Another example of a more broadly applicable measure would be one that addresses access to care. In New York and elsewhere, secret shoppers call doctors’ officers to schedule an appointment. It reflects poorly on the health plan when the caller is unable to get an appointment in a timely manner or is incorrectly told that the dermatologist does not accept the plan’s members, she explained. Dermatologists must ensure that they offer timely access to services as well as train their staff to know the health plans in which they participate, Dr. Sullivan said. [pagebreak]
In the future, a patient safety measure for outpatient office surgery and patient-reported outcomes are other examples of measures that dermatologists could report, she said. A measure that looks at “discomfort” defined as either pain or itch could apply to some dermatologic conditions as well as across specialties. Dr. Sullivan suggested that the Academy could play an active role in encouraging the American Medical Association’s Physician Consortium for Performance Improvement® to develop such measures.
The AAD’s measure work
The AAD has already started down that road. The Patient Safety and Quality Committee, Performance Measurement Task Force, and Academy staff are in the initial stages of exploring how Patient Reported Outcomes Measurement Information System (PROMIS) measures being developed by the National Institutes of Health can be applied to dermatology clinical settings. “The patient-reported outcomes will be more cross-cutting and encompass a wider population of dermatologists, if not all,” Nyirenda said.
In addition, to facilitate physician reporting of quality measures, the Academy is drafting measure sets for both psoriasis and non-melanoma skin cancer. These measures will be wider-reaching than the melanoma measures as some dermatologists do not see many melanoma cases, but most treat patients with psoriasis and non-melanoma skin cancers, according to Nyirenda. A dermatopathology measure set is under development as well.

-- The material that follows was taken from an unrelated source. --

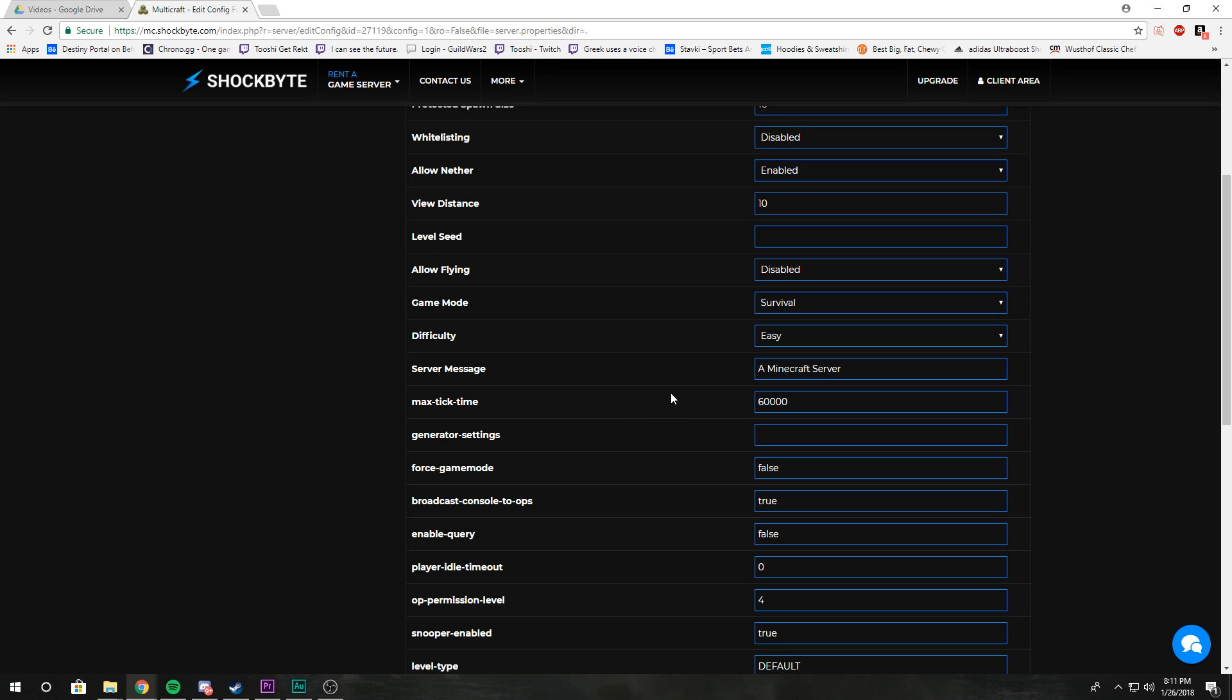Max tick time is the max number of milliseconds that is allowed for one tick to occur. If that tick lasts longer, the default is 60,000, which is 60 seconds.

The AAD is also working to double its data collection efforts; the lack of data has been a challenge for the specialty. For example, payers can assess patients’ adherence to treatment with a pill that controls a long-term disease, such as hypertension or cholesterol, but it’s harder for them to know if patients are adhering to treatment using a cream or ointment, noted Dr. Feldman. Dermatology also lacks good clinical tools to measure such conditions as psoriasis or eczema the way primary care doctors can use HgbA1c levels to measure diabetes control, he said. In addition, disease severity is difficult to measure, noted Carl Johnson, MD, chair of the AAD’s Private Sector Advocacy Task Force. Psoriasis can be a couple patches on an elbow or cover 25 percent of a patient’s body surface area; this may be an area where patient-reported outcomes could be helpful. “Eventually, we may need to develop standardized measures of dermatologic conditions that are suitable for use in clinical practice,” Dr. Feldman said. “I think the concern is that if we don’t, someone else will.” Thus, the Academy’s data collection efforts will help the specialty demonstrate its value in the quality measurement arena by being able to show what dermatologists do and how they do it efficiently and effectively, Nyirenda added.